Data Visualization With Seaborn



Seaborn is one of the most popular and commonly used libraries for data visualisation.

So, let's kick-off with a quick question.

Do you think it is possible to visualize the relationship between all the variables in the entire data set with just one line of code?

Actually, YES! With the single line of code used below, we can visualize the relationships between all the different variables in the dataset.



So, how did it do that?

Well, Seaborn is a high-level Python data visualization library used for making attractive and informative statistical plots. It acts as a wrapper over matplotlib, and it's used in conjunction with NumPy and pandas data structures.

Matplotlib is another data visualization library used when greater control over the graphs are required. However, Seaborn should not be thought as a replacement for matplotlib, rather as a compliment. Even though matplotlib is more powerful, it has a steeper learning curve compared to Seaborn. When using seaborn, it is likely that you will often invoke matplotlib functions directly to draw simpler plots. Another way of putting it is "matplotlib tries to make easy things easier and hard things possible, seaborn attempts to make a well-defined set of hard things easy".

Importing Libraries

The data analysis libraries, i.e. NumPy and Pandas are an integral part of Data Visualisation and are often required for data preprocessing. However, I will not be going into the preprocessing of data in this blog.

import numpy as np
import pandas as pd
import seaborn as sns

Now, we use the command below to view all Seaborn plots within Jupyter Notebook.

%matplotlib inline

Overview of the Dataset

Now that we have imported the required libraries, I will be using the famous Iris dataset for this blog. If you are interested, all the other in-built Seaborn datasets are listed here.

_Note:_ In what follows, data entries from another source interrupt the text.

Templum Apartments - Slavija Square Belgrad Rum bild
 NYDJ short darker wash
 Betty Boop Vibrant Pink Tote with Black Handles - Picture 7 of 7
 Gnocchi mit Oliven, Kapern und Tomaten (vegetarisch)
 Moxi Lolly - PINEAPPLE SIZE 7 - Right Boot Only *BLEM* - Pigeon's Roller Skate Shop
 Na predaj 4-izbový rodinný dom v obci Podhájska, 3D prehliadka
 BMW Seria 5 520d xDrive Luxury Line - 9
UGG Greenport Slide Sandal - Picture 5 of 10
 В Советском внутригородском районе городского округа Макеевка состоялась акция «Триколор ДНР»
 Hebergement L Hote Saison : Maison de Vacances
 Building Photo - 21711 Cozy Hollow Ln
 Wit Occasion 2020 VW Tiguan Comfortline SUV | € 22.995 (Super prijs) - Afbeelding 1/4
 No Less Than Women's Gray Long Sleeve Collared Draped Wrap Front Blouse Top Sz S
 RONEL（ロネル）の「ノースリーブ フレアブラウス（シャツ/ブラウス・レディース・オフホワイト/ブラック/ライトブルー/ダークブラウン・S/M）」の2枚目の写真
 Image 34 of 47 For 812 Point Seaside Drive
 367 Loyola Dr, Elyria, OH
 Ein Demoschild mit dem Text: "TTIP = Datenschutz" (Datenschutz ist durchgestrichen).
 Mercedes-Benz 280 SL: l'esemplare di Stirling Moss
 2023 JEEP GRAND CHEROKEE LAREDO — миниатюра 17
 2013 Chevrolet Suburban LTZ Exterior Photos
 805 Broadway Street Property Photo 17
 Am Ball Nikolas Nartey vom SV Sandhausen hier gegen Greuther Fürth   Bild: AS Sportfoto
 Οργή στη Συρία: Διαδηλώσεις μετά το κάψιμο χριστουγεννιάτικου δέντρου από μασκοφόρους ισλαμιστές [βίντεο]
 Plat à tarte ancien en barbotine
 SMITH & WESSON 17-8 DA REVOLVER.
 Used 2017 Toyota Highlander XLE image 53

iris = sns.load_dataset('iris')

So, here is a quick view of the Iris dataset!

sepal_length sepal_width petal_length petal_width species
0 5.1 3.5 1.4 0.2 setosa
1 4.9 3.0 1.4 0.2 setosa
2 4.7 3.2 1.3 0.2 setosa

Image:- Different species of Iris Plant

Given below is a brief description of all the variables:

  1. sepal_length-> Sepal length in cm

  2. sepal_width -> Sepal width in cm

  3. petal_length -> Petal length in cm

  4. petal_width -> Petal width in cm

  5. species -> Class of the Iris Plant

    * Iris Setosa

    * Iris Versicolour

    * Iris Virginica

To know more about the Iris Dataset, you can refer UC Irvine Machine Learning Repository.


Distribution Plot

Dist Plot

Dist Plot, also known as Histogram is used to plot a univariate distribution of observation. It also displays a KDE(Kernal Density Estimation) plot over the histogram.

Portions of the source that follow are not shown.